[Short text fragments from websites]
+++++

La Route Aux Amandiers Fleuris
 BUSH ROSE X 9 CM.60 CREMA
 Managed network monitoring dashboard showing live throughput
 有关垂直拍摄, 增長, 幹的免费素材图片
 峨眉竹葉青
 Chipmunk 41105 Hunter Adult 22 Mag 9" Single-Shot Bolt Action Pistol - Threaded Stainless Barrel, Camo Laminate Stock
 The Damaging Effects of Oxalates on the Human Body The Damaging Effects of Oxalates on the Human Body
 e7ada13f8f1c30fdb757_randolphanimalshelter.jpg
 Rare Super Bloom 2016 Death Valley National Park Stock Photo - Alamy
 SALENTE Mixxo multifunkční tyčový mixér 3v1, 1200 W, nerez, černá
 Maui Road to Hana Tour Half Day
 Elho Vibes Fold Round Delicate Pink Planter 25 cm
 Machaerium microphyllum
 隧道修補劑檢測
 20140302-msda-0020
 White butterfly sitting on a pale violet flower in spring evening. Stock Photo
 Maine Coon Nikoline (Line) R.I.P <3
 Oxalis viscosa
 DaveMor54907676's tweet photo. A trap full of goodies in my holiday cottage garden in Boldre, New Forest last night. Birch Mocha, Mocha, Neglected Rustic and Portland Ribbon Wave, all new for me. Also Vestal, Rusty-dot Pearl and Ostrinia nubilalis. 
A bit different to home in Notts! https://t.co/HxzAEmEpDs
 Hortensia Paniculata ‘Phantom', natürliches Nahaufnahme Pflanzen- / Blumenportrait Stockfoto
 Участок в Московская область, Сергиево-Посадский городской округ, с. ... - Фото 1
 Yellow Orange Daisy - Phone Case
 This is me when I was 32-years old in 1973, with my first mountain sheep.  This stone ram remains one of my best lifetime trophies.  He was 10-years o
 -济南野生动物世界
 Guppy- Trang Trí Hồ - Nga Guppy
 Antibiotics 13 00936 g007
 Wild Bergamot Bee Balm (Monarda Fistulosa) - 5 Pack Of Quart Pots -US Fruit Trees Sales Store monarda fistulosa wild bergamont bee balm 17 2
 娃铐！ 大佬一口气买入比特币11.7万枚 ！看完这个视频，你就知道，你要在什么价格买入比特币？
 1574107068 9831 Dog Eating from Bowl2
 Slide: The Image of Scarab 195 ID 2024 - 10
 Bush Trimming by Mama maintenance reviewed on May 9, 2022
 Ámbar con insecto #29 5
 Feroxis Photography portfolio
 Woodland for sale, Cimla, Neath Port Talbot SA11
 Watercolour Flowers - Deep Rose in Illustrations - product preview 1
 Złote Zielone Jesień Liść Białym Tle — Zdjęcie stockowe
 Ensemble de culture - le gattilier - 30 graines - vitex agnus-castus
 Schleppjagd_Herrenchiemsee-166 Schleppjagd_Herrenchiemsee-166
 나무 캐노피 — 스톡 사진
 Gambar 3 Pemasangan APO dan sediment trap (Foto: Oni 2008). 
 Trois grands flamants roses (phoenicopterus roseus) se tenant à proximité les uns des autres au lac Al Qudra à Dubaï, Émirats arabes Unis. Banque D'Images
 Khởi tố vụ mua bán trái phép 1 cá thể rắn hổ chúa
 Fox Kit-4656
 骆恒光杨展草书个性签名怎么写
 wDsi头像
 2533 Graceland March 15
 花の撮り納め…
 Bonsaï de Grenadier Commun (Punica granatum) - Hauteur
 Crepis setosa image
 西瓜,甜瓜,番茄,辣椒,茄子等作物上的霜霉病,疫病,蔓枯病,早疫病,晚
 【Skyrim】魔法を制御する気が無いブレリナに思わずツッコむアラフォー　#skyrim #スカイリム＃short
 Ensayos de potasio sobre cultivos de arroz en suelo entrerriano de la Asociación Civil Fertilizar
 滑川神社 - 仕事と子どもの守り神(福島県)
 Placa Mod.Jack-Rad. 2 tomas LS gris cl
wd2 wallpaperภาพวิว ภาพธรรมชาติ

+++++

Try it:
Transcribe each entry above exactly as it reads.

Reply:
La Route Aux Amandiers Fleuris
 BUSH ROSE X 9 CM.60 CREMA
 Managed network monitoring dashboard showing live throughput
 有关垂直拍摄, 增長, 幹的免费素材图片
 峨眉竹葉青
 Chipmunk 41105 Hunter Adult 22 Mag 9" Single-Shot Bolt Action Pistol - Threaded Stainless Barrel, Camo Laminate Stock
 The Damaging Effects of Oxalates on the Human Body The Damaging Effects of Oxalates on the Human Body
 e7ada13f8f1c30fdb757_randolphanimalshelter.jpg
 Rare Super Bloom 2016 Death Valley National Park Stock Photo - Alamy
 SALENTE Mixxo multifunkční tyčový mixér 3v1, 1200 W, nerez, černá
 Maui Road to Hana Tour Half Day
 Elho Vibes Fold Round Delicate Pink Planter 25 cm
 Machaerium microphyllum
 隧道修補劑檢測
 20140302-msda-0020
 White butterfly sitting on a pale violet flower in spring evening. Stock Photo
 Maine Coon Nikoline (Line) R.I.P <3
 Oxalis viscosa
 DaveMor54907676's tweet photo. A trap full of goodies in my holiday cottage garden in Boldre, New Forest last night. Birch Mocha, Mocha, Neglected Rustic and Portland Ribbon Wave, all new for me. Also Vestal, Rusty-dot Pearl and Ostrinia nubilalis. 
A bit different to home in Notts! https://t.co/HxzAEmEpDs
 Hortensia Paniculata ‘Phantom', natürliches Nahaufnahme Pflanzen- / Blumenportrait Stockfoto
 Участок в Московская область, Сергиево-Посадский городской округ, с. ... - Фото 1
 Yellow Orange Daisy - Phone Case
 This is me when I was 32-years old in 1973, with my first mountain sheep.  This stone ram remains one of my best lifetime trophies.  He was 10-years o
 -济南野生动物世界
 Guppy- Trang Trí Hồ - Nga Guppy
 Antibiotics 13 00936 g007
 Wild Bergamot Bee Balm (Monarda Fistulosa) - 5 Pack Of Quart Pots -US Fruit Trees Sales Store monarda fistulosa wild bergamont bee balm 17 2
 娃铐！ 大佬一口气买入比特币11.7万枚 ！看完这个视频，你就知道，你要在什么价格买入比特币？
 1574107068 9831 Dog Eating from Bowl2
 Slide: The Image of Scarab 195 ID 2024 - 10
 Bush Trimming by Mama maintenance reviewed on May 9, 2022
 Ámbar con insecto #29 5
 Feroxis Photography portfolio
 Woodland for sale, Cimla, Neath Port Talbot SA11
 Watercolour Flowers - Deep Rose in Illustrations - product preview 1
 Złote Zielone Jesień Liść Białym Tle — Zdjęcie stockowe
 Ensemble de culture - le gattilier - 30 graines - vitex agnus-castus
 Schleppjagd_Herrenchiemsee-166 Schleppjagd_Herrenchiemsee-166
 나무 캐노피 — 스톡 사진
 Gambar 3 Pemasangan APO dan sediment trap (Foto: Oni 2008). 
 Trois grands flamants roses (phoenicopterus roseus) se tenant à proximité les uns des autres au lac Al Qudra à Dubaï, Émirats arabes Unis. Banque D'Images
 Khởi tố vụ mua bán trái phép 1 cá thể rắn hổ chúa
 Fox Kit-4656
 骆恒光杨展草书个性签名怎么写
 wDsi头像
 2533 Graceland March 15
 花の撮り納め…
 Bonsaï de Grenadier Commun (Punica granatum) - Hauteur
 Crepis setosa image
 西瓜,甜瓜,番茄,辣椒,茄子等作物上的霜霉病,疫病,蔓枯病,早疫病,晚
 【Skyrim】魔法を制御する気が無いブレリナに思わずツッコむアラフォー　#skyrim #スカイリム＃short
 Ensayos de potasio sobre cultivos de arroz en suelo entrerriano de la Asociación Civil Fertilizar
 滑川神社 - 仕事と子どもの守り神(福島県)
 Placa Mod.Jack-Rad. 2 tomas LS gris cl
wd2 wallpaperภาพวิว ภาพธรรมชาติ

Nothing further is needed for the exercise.